Creating a dataframe using List: DataFrame can be created using a single list or a list of lists.

# import pandas as pd
import pandas as pd
 
# list of strings
lst = ['Geeks', 'For', 'Geeks', 'is', 
            'portal', 'for', 'Geeks']
 
# Calling DataFrame constructor on list
df = pd.DataFrame(lst)
print(df)
# Python code demonstrate creating 
# DataFrame from dict narray / lists 
# By default addresses.
 
import pandas as pd
 
# intialise data of lists.
data = {'Name':['Tom', 'nick', 'krish', 'jack'],
        'Age':[20, 21, 19, 18]}
 
# Create DataFrame
df = pd.DataFrame(data)
 
# Print the output.
print(df)

For more details refer to Creating a Pandas DataFrame

Dealing with Rows and Columns

A Data frame is a two-dimensional data structure, i.e., data is aligned in a tabular fashion in rows and columns. We can perform basic operations on rows/columns like selecting, deleting, adding, and renaming.

Column Selection: In Order to select a column in Pandas DataFrame, we can either access the columns by calling them by their columns name.

# Import pandas package
import pandas as pd
 
# Define a dictionary containing employee data
data = {'Name':['Jai', 'Princi', 'Gaurav', 'Anuj'],
        'Age':[27, 24, 22, 32],
        'Address':['Delhi', 'Kanpur', 'Allahabad', 'Kannauj'],
        'Qualification':['Msc', 'MA', 'MCA', 'Phd']}
 
# Convert the dictionary into DataFrame 
df = pd.DataFrame(data)
 
# select two columns
print(df[['Name', 'Qualification']])

Output: Row Selection: Pandas provide a unique method to retrieve rows from a Data frame. DataFrame.loc[] method is used to retrieve rows from Pandas DataFrame. Rows can also be selected by passing integer location to an iloc[] function. Note: We’ll be using nba.csv file in below examples.

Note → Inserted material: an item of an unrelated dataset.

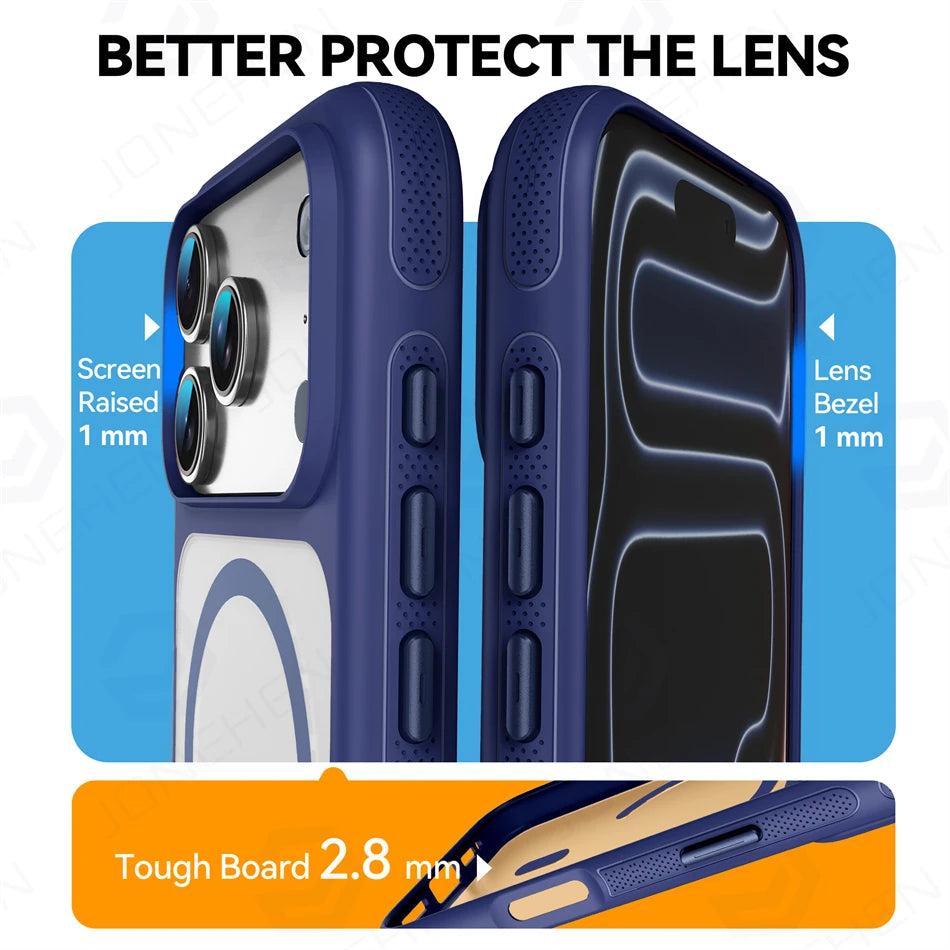 ClearTouch | MagSafe Transparent Case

# importing pandas package
import pandas as pd
 
# making data frame from csv file
data = pd.read_csv("nba.csv", index_col ="Name")
 
# retrieving row by loc method
first = data.loc["Avery Bradley"]
second = data.loc["R.J. Hunter"]
 
 
print(first, "\n\n\n", second)

Indexing and Selecting Data

Indexing in pandas means simply selecting particular rows and columns of data from a DataFrame. Indexing could mean selecting all the rows and some of the columns, some of the rows and all of the columns, or some of each of the rows and columns. Indexing can also be known as Subset Selection.

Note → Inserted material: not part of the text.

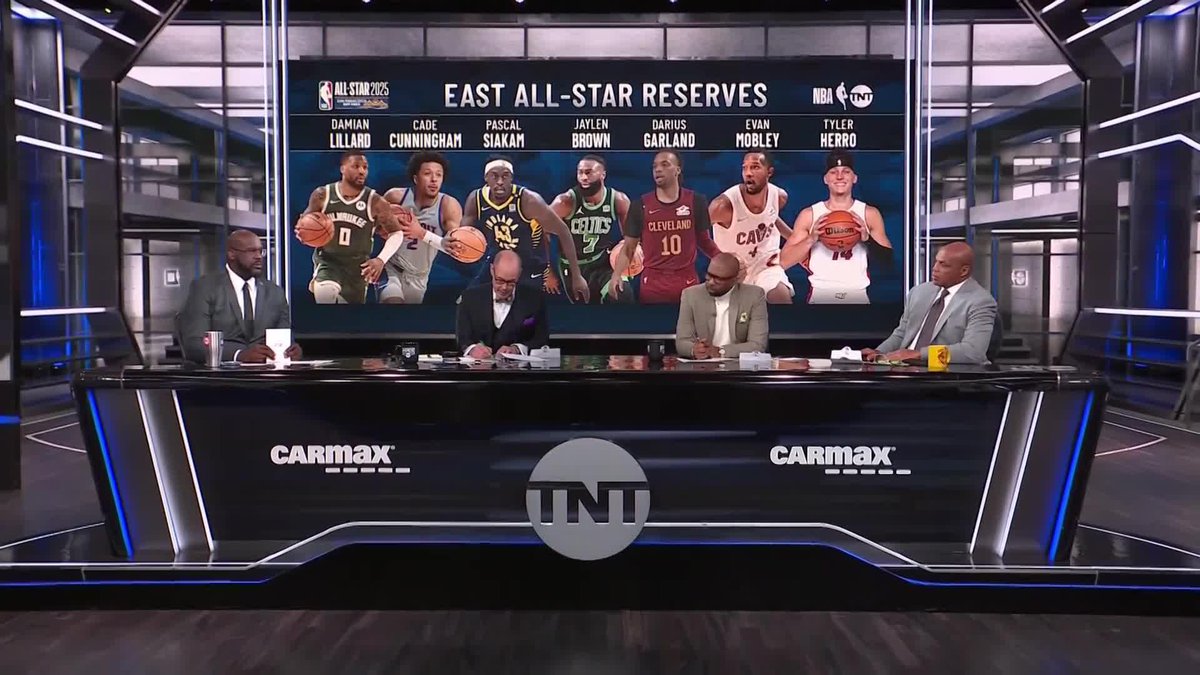 Your 2025 NBA Eastern Conference All-Star Reserves ✨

Indexing a Dataframe using indexing operator [] : Indexing operator is used to refer to the square brackets following an object. The .loc and .iloc indexers also use the indexing operator to make selections. In this indexing operator to refer to df[].

Selecting a single columns

In order to select a single column, we simply put the name of the column in-between the brackets

# importing pandas package
import pandas as pd
 
# making data frame from csv file
data = pd.read_csv("nba.csv", index_col ="Name")
 
# retrieving columns by indexing operator
first = data["Age"] 
 
 
print(first)

Output: Indexing a DataFrame using .loc[ ] : This function selects data by the label of the rows and columns. The df.loc indexer selects data in a different way than just the indexing operator. It can select subsets of rows or columns. It can also simultaneously select subsets of rows and columns.

Selecting a single row

In order to select a single row using .loc[], we put a single row label in a .loc function.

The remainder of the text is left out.